Task requirements »
Would you please retype, exactly, the lines of the listing below between the line with "Five Chinese white" and the line with "Photo - New Townhome with 3 Masters", inclusive?

The data »
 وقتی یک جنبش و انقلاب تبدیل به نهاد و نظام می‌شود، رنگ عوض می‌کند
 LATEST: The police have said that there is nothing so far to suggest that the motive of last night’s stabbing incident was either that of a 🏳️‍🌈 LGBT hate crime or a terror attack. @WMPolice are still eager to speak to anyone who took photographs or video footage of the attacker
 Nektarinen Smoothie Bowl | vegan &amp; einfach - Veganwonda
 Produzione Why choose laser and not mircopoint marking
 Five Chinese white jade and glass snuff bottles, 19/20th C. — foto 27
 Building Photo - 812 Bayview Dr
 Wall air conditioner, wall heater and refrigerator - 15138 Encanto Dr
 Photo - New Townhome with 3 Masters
--
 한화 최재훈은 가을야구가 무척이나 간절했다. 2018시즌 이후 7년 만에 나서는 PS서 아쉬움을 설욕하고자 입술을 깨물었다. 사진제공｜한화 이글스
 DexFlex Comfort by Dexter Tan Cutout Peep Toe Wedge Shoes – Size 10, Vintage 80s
--
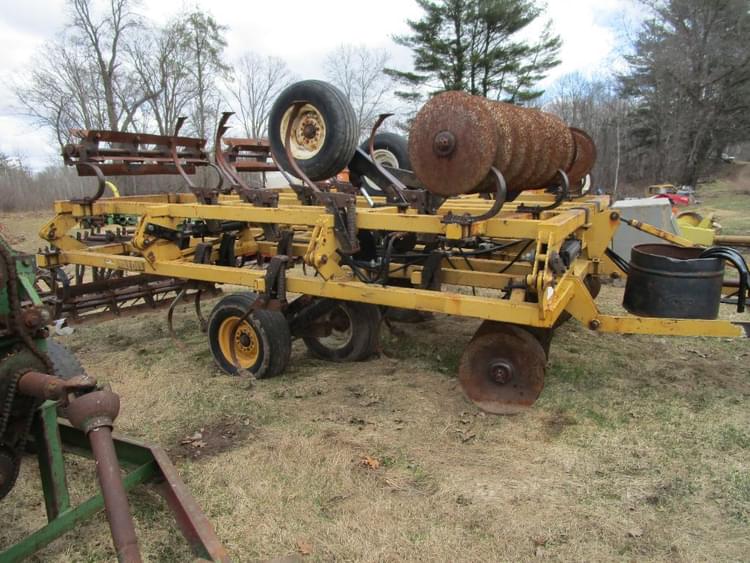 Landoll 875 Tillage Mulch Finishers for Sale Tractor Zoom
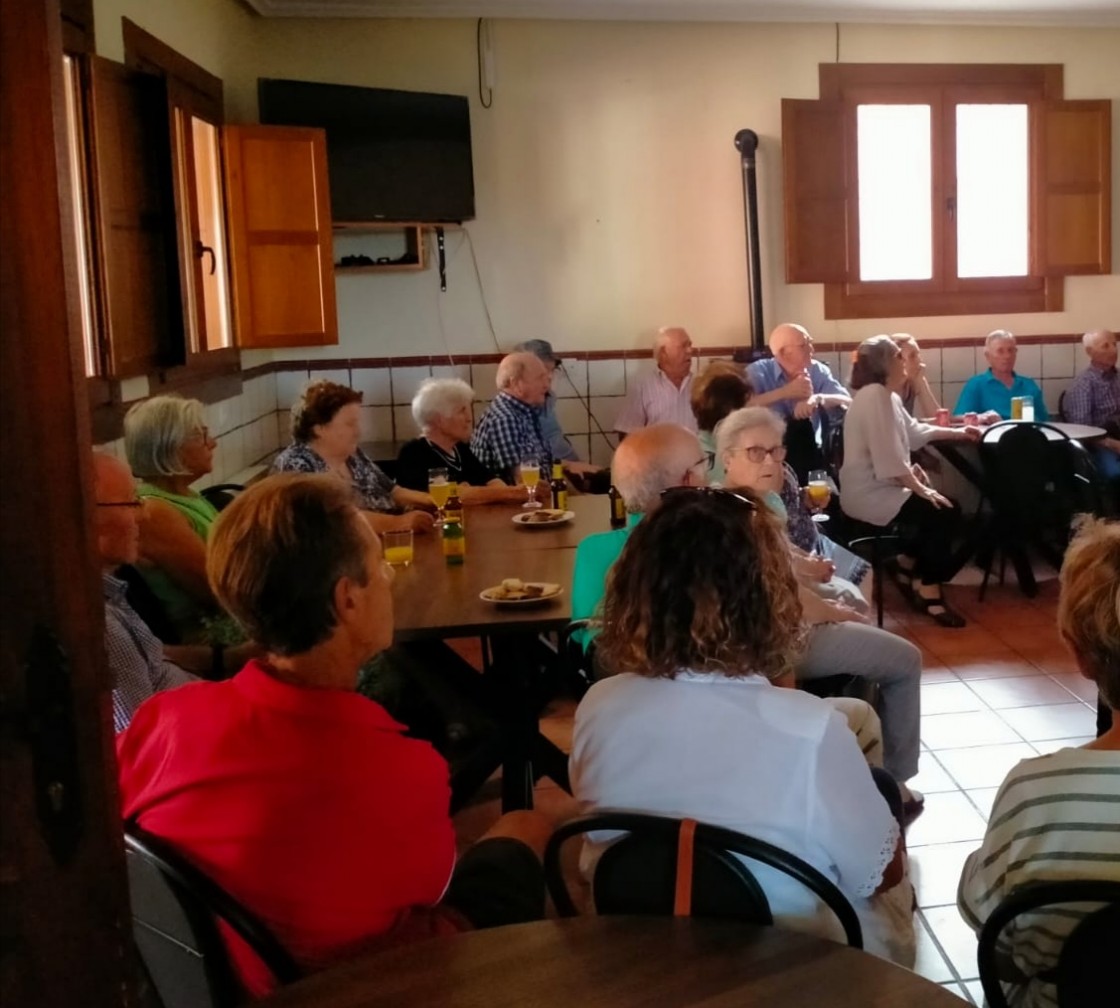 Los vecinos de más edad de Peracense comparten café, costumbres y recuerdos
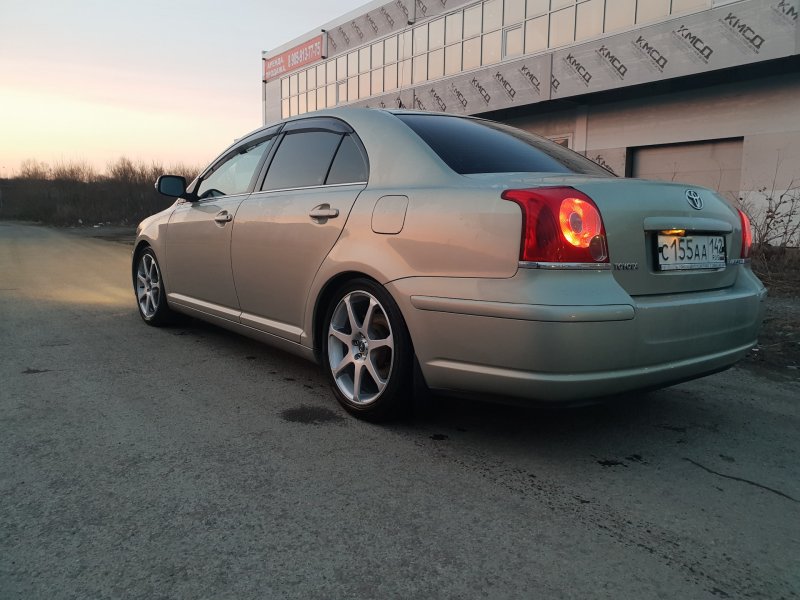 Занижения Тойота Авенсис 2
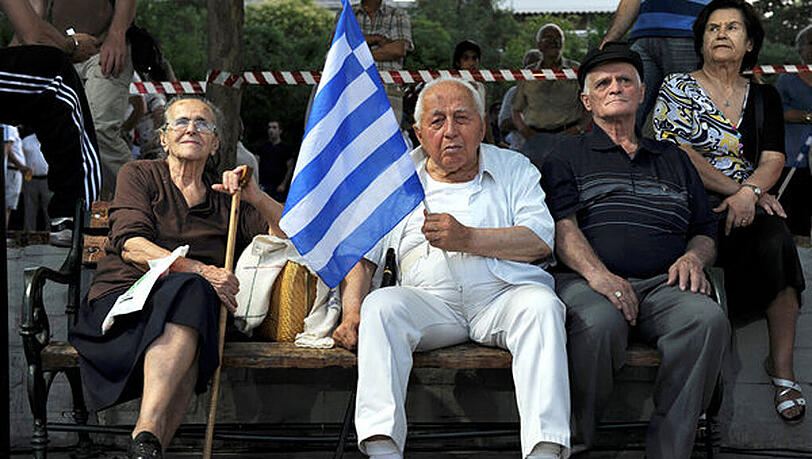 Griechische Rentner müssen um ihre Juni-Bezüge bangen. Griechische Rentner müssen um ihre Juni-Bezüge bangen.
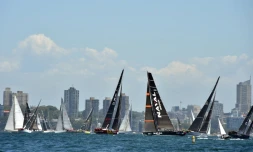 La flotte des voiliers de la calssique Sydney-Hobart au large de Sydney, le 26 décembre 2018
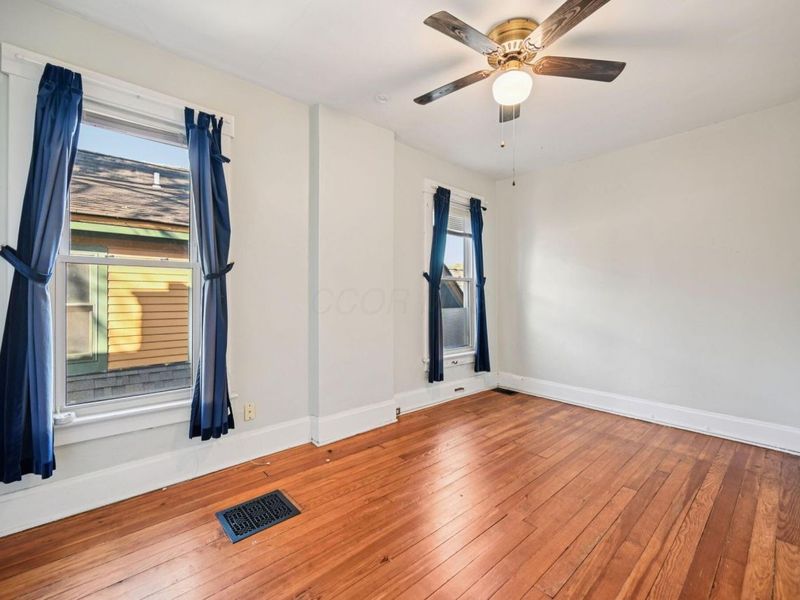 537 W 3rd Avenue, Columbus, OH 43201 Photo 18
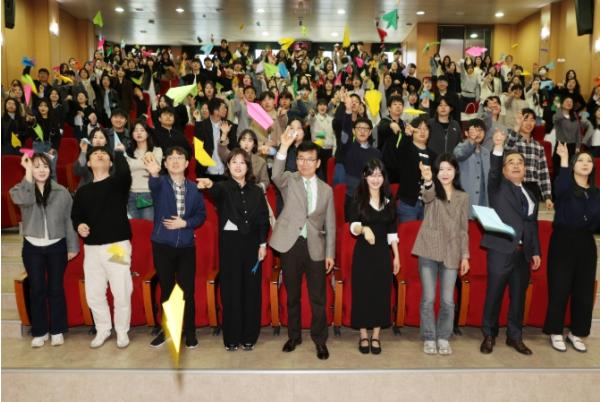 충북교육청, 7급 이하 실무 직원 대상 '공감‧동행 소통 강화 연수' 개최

Exercise solution »
 Five Chinese white jade and glass snuff bottles, 19/20th C. — foto 27
 Building Photo - 812 Bayview Dr
 Wall air conditioner, wall heater and refrigerator - 15138 Encanto Dr
 Photo - New Townhome with 3 Masters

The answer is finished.